PyTorch version of Stable Baselines, reliable implementations of reinforcement learning algorithms.
https://stable-baselines3.readthedocs.io
MIT License
8.38k stars 1.61k forks source link

[Feature Request] Resume trained model with set_parameters without reset_num_timesteps #1877

Closed tanielsfranklin closed 3 months ago

tanielsfranklin commented 3 months ago

🚀 Feature

Resume trained model with set_parameters without reset_num_timesteps

Motivation

I think this is useful when training using rounds. This feature can keep the record on the tensorboard, even when changing some training hyperparameters

Pitch

Train some rounds and tensorboard logging remain continuous even with hyperparameters changing

Alternatives

When I use de the load() method works well, but don't allow changes in batch size and n_steps

Additional context

No response

Checklist

araffin commented 3 months ago

When I use de the load() method works well, but don't allow changes in batch size and n_steps

from stable_baselines3 import PPO

PPO("MlpPolicy", "CartPole-v1").save("ppo_cartpole")

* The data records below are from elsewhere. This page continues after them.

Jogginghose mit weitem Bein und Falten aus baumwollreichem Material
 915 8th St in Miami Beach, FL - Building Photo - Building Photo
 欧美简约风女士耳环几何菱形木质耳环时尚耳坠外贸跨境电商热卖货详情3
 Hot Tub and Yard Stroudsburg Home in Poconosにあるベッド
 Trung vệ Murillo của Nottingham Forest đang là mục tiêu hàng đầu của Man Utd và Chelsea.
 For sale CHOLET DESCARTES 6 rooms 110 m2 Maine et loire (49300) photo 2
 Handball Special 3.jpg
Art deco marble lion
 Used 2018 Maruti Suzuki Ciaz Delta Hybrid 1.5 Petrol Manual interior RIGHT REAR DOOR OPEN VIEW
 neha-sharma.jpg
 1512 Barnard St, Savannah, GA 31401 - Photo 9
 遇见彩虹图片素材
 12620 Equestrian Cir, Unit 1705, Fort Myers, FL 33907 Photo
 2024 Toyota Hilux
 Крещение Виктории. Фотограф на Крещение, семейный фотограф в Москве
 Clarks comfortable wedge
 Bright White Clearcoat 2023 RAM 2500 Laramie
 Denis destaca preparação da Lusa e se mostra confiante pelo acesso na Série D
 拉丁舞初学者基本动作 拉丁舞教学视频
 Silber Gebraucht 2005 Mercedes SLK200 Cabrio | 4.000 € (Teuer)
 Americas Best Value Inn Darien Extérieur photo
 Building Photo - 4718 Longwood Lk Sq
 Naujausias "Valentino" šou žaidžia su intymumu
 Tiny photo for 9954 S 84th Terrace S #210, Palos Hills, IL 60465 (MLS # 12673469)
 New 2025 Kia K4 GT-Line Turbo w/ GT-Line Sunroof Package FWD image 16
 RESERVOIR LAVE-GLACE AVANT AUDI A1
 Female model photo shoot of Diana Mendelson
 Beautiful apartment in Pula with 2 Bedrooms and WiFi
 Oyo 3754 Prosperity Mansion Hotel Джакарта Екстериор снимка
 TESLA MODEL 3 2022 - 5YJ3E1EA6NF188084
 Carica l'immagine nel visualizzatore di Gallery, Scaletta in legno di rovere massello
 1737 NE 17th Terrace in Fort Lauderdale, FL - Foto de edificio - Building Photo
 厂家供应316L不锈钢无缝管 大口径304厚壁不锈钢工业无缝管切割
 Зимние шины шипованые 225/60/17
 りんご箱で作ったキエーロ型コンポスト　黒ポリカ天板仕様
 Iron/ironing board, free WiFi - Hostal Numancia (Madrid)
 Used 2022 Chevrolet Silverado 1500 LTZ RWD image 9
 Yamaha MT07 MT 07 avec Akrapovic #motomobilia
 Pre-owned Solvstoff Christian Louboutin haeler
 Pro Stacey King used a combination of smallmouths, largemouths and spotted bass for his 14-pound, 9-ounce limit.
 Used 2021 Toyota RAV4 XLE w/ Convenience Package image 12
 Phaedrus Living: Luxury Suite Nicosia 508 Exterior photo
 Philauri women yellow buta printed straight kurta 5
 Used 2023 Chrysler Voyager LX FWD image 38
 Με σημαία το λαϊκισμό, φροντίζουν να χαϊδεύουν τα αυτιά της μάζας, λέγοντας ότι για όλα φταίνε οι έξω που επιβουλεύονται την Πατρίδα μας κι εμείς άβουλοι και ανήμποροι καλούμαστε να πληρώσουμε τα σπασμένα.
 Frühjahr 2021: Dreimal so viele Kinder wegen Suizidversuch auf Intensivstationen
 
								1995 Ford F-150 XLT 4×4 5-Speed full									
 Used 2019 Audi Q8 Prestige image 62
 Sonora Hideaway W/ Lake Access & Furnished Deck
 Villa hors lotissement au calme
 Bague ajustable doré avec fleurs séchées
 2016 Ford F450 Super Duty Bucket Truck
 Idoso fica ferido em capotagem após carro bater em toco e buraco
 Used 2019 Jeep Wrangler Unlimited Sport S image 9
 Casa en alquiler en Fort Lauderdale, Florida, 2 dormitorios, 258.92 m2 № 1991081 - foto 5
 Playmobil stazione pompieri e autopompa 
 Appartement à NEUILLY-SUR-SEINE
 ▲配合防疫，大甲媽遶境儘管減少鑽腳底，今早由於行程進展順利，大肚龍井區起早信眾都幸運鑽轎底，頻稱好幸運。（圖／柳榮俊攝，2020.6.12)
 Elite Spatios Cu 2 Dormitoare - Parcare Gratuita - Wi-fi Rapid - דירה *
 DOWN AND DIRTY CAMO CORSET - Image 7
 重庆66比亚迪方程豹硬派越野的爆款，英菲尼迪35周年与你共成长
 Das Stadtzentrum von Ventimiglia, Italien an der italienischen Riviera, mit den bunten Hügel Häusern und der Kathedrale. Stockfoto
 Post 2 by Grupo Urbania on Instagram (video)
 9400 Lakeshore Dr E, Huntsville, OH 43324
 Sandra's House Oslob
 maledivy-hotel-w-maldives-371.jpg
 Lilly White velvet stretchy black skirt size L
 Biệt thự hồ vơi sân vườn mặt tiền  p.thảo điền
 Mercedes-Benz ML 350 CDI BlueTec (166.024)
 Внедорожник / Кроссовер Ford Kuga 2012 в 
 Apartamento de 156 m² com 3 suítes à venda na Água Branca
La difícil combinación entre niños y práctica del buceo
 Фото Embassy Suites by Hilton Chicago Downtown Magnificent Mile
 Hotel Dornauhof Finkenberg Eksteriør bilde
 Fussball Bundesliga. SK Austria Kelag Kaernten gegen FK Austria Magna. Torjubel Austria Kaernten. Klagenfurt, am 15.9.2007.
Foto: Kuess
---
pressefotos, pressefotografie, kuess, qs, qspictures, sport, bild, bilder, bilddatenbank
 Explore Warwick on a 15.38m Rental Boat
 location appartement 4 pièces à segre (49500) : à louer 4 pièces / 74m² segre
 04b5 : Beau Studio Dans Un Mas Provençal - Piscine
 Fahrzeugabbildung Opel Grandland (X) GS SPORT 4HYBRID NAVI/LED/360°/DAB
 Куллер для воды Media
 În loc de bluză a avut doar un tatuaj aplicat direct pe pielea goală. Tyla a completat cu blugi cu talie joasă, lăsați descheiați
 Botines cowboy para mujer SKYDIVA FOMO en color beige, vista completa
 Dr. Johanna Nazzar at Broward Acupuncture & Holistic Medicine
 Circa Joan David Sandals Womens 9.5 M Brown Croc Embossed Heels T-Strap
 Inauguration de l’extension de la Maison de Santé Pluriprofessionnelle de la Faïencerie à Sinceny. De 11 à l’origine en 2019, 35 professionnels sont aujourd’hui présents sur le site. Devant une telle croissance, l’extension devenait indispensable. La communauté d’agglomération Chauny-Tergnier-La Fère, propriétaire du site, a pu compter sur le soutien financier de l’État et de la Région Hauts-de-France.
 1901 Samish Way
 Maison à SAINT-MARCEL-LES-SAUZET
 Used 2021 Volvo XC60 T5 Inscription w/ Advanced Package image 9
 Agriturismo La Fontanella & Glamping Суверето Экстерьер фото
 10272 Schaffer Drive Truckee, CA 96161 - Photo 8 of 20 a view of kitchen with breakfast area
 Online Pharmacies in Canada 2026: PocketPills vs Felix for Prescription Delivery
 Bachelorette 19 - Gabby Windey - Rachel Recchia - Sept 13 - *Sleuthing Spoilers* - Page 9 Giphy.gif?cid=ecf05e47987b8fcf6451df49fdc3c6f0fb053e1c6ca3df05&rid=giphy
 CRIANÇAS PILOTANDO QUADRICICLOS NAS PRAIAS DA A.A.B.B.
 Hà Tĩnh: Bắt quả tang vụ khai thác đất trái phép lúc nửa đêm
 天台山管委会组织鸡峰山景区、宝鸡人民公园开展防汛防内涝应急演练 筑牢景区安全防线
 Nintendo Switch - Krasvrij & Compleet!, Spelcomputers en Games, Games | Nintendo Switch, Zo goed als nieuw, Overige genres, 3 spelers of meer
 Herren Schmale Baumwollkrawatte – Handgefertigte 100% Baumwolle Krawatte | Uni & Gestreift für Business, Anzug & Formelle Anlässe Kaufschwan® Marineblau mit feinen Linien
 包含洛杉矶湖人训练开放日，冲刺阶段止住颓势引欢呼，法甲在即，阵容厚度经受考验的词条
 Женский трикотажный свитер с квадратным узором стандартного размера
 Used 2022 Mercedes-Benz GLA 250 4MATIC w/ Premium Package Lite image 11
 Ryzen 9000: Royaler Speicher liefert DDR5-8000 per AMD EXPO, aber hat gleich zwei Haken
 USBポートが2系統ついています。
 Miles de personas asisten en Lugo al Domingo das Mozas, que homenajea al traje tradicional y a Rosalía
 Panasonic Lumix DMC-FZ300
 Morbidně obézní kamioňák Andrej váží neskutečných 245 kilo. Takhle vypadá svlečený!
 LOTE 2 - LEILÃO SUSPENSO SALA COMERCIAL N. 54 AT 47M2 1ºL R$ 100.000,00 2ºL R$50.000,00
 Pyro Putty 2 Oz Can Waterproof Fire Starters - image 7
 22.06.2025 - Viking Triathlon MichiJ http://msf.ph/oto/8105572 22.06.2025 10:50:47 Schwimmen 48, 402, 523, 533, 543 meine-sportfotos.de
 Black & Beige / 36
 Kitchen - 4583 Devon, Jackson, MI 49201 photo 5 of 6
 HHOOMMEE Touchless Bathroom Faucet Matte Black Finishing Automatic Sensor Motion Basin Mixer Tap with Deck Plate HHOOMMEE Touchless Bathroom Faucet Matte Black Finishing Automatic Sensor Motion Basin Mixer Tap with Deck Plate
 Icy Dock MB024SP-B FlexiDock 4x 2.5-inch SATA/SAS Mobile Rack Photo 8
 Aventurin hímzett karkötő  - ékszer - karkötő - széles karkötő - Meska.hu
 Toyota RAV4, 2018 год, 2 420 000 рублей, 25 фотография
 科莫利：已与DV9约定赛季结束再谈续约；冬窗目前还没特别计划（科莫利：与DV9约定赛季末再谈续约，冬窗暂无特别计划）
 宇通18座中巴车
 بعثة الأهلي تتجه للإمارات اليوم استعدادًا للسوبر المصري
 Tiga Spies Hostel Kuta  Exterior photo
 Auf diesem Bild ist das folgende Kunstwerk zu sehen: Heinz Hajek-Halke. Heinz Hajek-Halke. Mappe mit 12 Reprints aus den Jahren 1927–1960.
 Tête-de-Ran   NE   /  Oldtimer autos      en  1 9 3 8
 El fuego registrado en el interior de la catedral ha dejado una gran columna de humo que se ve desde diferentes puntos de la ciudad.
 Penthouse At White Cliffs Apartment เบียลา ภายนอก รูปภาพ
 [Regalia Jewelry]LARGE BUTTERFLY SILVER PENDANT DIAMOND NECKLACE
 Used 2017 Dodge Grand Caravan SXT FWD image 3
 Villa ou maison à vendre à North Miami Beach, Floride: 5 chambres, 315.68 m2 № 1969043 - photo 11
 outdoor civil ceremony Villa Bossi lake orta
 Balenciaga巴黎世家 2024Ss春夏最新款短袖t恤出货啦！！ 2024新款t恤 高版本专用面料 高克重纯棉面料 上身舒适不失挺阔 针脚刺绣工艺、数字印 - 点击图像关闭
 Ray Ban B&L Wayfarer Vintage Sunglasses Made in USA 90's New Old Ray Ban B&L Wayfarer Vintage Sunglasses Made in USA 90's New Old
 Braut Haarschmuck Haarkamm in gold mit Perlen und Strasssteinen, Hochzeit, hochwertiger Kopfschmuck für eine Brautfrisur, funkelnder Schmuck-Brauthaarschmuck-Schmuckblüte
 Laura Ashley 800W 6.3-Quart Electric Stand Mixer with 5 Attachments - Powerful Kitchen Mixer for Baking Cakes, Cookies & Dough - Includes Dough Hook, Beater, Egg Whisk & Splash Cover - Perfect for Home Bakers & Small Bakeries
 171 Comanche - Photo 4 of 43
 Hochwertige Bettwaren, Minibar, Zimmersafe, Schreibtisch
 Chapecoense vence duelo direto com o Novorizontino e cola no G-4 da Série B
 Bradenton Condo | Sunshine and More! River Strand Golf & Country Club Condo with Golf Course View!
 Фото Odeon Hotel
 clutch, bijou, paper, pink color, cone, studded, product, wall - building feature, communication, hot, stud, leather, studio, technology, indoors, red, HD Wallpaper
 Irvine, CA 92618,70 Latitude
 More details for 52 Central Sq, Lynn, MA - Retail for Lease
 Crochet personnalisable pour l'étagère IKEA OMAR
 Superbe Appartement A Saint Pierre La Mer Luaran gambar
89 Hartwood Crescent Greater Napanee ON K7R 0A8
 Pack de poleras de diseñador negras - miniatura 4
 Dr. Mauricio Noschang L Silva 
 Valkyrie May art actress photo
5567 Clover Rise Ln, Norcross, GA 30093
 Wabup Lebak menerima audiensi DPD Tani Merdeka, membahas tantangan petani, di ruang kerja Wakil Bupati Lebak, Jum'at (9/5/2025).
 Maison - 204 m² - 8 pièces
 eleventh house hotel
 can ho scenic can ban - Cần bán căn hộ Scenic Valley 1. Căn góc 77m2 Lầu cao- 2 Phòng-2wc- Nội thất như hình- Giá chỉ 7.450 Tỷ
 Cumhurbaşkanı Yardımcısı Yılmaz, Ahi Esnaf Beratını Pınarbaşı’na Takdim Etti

model = PPO.load("ppo_cartpole", n_steps=64, batch_size=32)

?

tanielsfranklin commented 3 months ago

When I use de the load() method works well, but don't allow changes in batch size and n_steps

from stable_baselines3 import PPO

PPO("MlpPolicy", "CartPole-v1").save("ppo_cartpole")

model = PPO.load("ppo_cartpole", n_steps=64, batch_size=32)

?

Load method does not accept these parameters. classmethod load(path, env=None, device='auto', custom_objects=None, print_system_info=False, force_reset=True, **kwargs)

araffin commented 3 months ago

Load method does not accept these parameters.

yet the provided code works...

you should have a look at **kwargs and what that means in python.

tanielsfranklin commented 3 months ago

Load method does not accept these parameters.

yet the provided code works...

you should have a look at **kwargs and what that means in python.

Oh, it's my fault. I was thinking on this right now. It will be very useful, thanks.